I keep having this nightmare where I wake up in the morning, come downstairs to use my computer, and instead of having a cool laptop, it’s my family’s first computer from when I was growing up at home. I try to get online but the AOL number is busy, over and over again, and I’m stuck just staring at a boring boxy monitor.
OK, I’ve never had that nightmare. But I’ve been thinking a lot about the early Internet and how, regardless of how new and incredible everything was, it wasn’t nearly enough. Of course, what I’m referring to as the early Internet isn’t really the early Internet. I know that before AOL the Internet was just a bunch of nerds networking their college computer labs through modems.
AOL wasn’t even like real Internet. I mean, there was a browser in there somewhere, but AOL was its own software, and it tried to tailor the Internet experience for you as it saw fit. Chat with your friends through AOL Instant Messenger. Read some news articles by clicking on the AOL news button. There were buttons for everything. AOL was basically a huge catalog.
Thankfully, that only lasted for a few years. New York got hooked up with fiber optic Internet pretty shortly afterward, a golden age of Internet exploration. Whereas before I could never really stomach non-AOL straight Internet, mostly because everything took so long to load, now I could do whatever I wanted.
Which is why I think it’s weird, the way the Internet is going now, almost backwards. When everybody had dial-up, we, by necessity, looked at the Internet through these filters that we paid for, AOL, MSN … what else was there? Prodigy? I don’t really remember. But it’s not important. Once we started paying for direct Internet, there wasn’t anymore need for these filters. You have your browser and you can do whatever you want.

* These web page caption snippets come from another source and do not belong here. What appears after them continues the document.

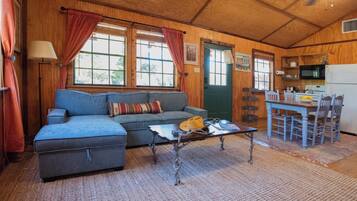 Cabin, Multiple Beds, Patio, Pool View (Cypress Creek Cabin) | Living area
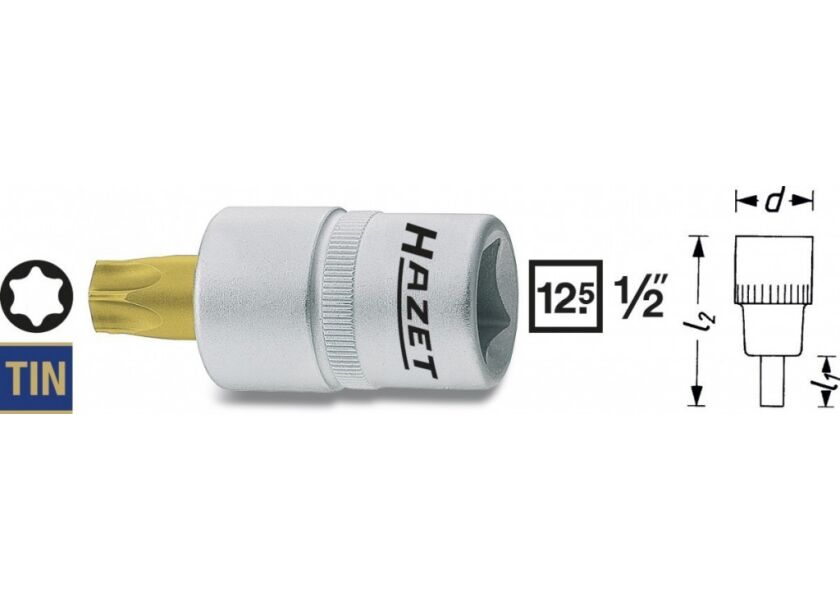 Hlavice s bitem TORX 1/2
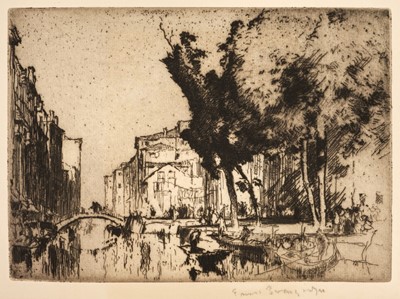 Lot 528 - Brangwyn (Frank). Frank Brangwyn and His Work, 1910, one of 160 copies with 2 signed etchings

But with cell phones and tablets I feel like the Internet is, like I said, it’s going in reverse, back into a world of ready-made preparedness. Instead of opening up a browser, we just tap a news icon on our devices. It doesn’t feel open anymore. It doesn’t feel like there’s a whole world out there. I feel limited to what apps are on my iPhone and what they can do over a 3G or WiFi network.
Facebook isn’t the same anymore. Not that it was ever anything great, but now I feel like it’s just people posting meme jokes and videos that I’ve already seen before. And who’s making these memes? Is there one centralized source where all of this stuff is being disseminated?
And now I’m going to sound a little conspiratorial, but we’re still going through the frontier years of the Internet. Business models are still being established. The main players, companies like Google, they’ve only been around for a couple of years. The government has yet to really restrict any access. But what if that changes? In China, whole swaths of the Internet are blacked out, unable to be accessed. What if some clever politician convinces all of us that that’s what we need?
And then they’ll put in limits on the hardware, on our phones and on our computers, so that even if we wanted to go outside the limits of our devices, we wouldn’t be able to. Is it so hard to imagine a future with no Internet browser, no individual web sites, just buttons on your phone, a news app, a music app? What if companies start charging huge licensing fees to start your own web site? It’s not how it is now, but it’s not at all outside the realm of possibility.
What is the Internet, just a bunch of connected computers, right? Maybe I’ll make my own Internet, a new Internet, and I won’t let anybody connect to it. And little by little news of my new Internet will spread, until people are driven crazy, lining up down the block to ring on my doorbell, begging to be granted a high speed new Internet connection. And I’ll wait and deliberate for years, making gestures like I might open it up, but I never will, it’s mine, because I’ll be the only one that can keep it safe.